Xcel Energy Inc. announced Tuesday that it plans to shut down two coal-fired boilers producing 253 MW at its Black Dog power plant in Minnesota and replace them with a 700 MW combined-cycle facility that uses natural gas.
The company said it also met with Minnesota regulators Tuesday and asked them to approve a certificate of need for the $600 million project at the plant, located in Burnsville, MN.
"We've looked at a number of options and we see this as the most cost-effective method of meeting our future customer needs," Tom Fallgren, the Black Dog plant manager, told NGI. "We will generate more megawatts using the existing site, which actually helps quite a bit on the economics. [The project] will meet a lot of our needs."
The combined-cycle facility would be built on what is now the plant's coal yard.

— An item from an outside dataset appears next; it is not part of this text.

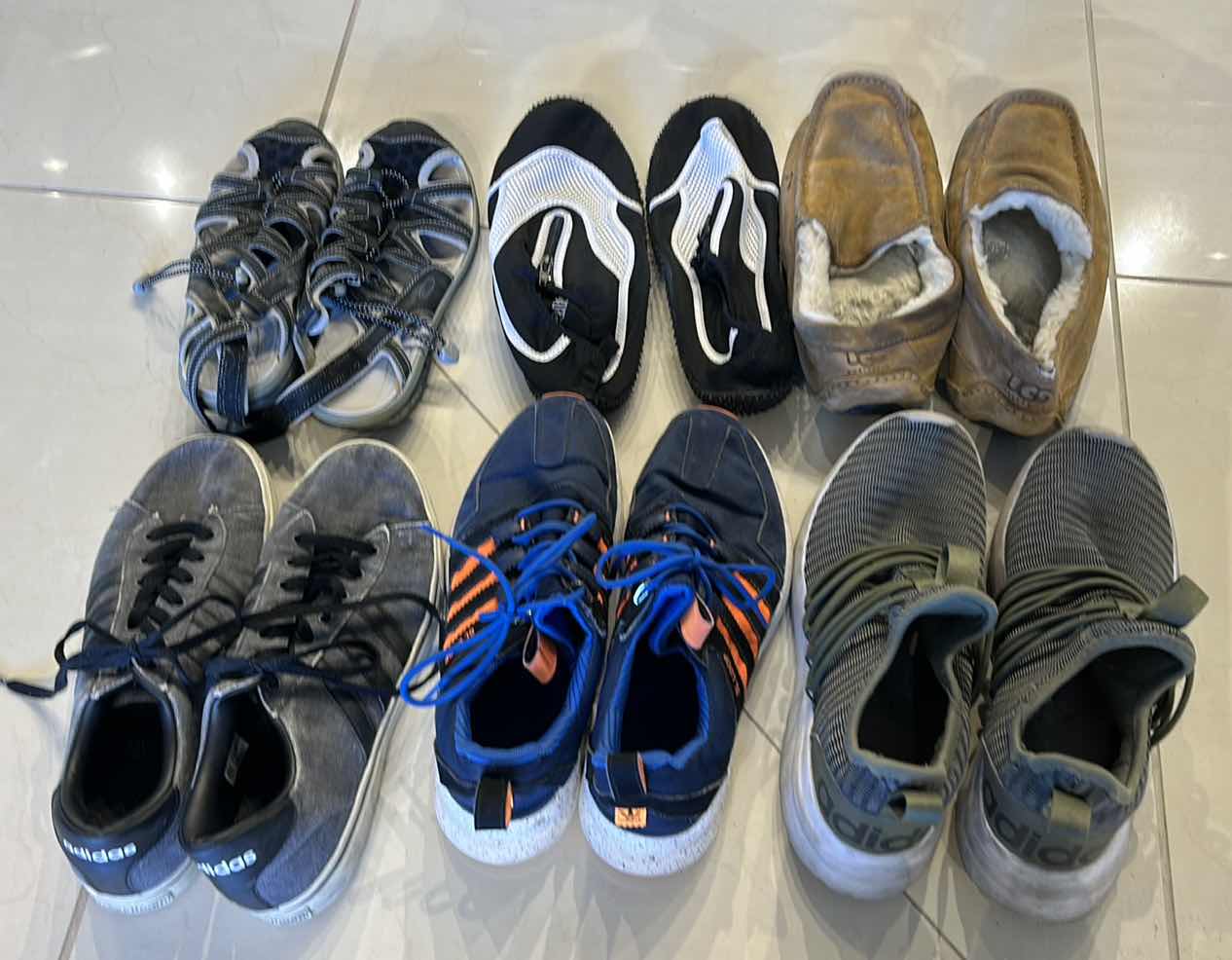 Photo 1 of 6 PAIRS MENS SHOES SIZE 10 AND 10.5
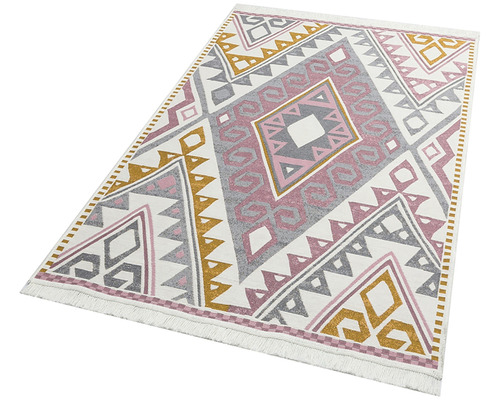 Koberec s geometrickým vzorom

The facility will include two combustion turbines, two heat recovery steam generators and a steam turbine generator, and will be connected to the power grid via 345-kilovolt lines at the site.
"We will [also] be looking at building a new natural gas line to the site to facilitate the new units," Fallgren said.
Xcel Energy said it needs the approval of several state agencies for the project, including the Minnesota Pollution Control Agency and Minnesota Public Utilities Commission. If approved, construction could begin in 2012 and be online in 2016. The company estimates the project will employ 300 construction workers.
Fallgren said the Black Dog power plant has been in operation since 1952. Two additional power units at the plant were converted to natural gas combined-cycle units in 2002.
Xcel Energy's announcement makes the Minneapolis, MN-based company the latest to reduce their reliance on coal to produce energy (see Daily GPI, March 9).
The Tennessee Valley Authority (TVA), the nation's largest public utility, unveiled a plan on March 2 to idle between 2,400 and 4,700 MW of coal-fired capacity by 2017. Natural gas and nuclear power would fill most of that void for the TVA, with natural gas providing up to 9,300 MW and nuclear sources adding another 5,900 MW by 2029.
Three days later, the Washington state Senate passed a bill that would make the Evergreen State the first to be coal-free by 2025. It proposes that TransAlta Corp. shut down its coal-fired Big Hanaford power plant in Centralia, WA and replace it with a natural gas turbine plant. A public hearing was held Tuesday on the measure in the state House Committee on Environment.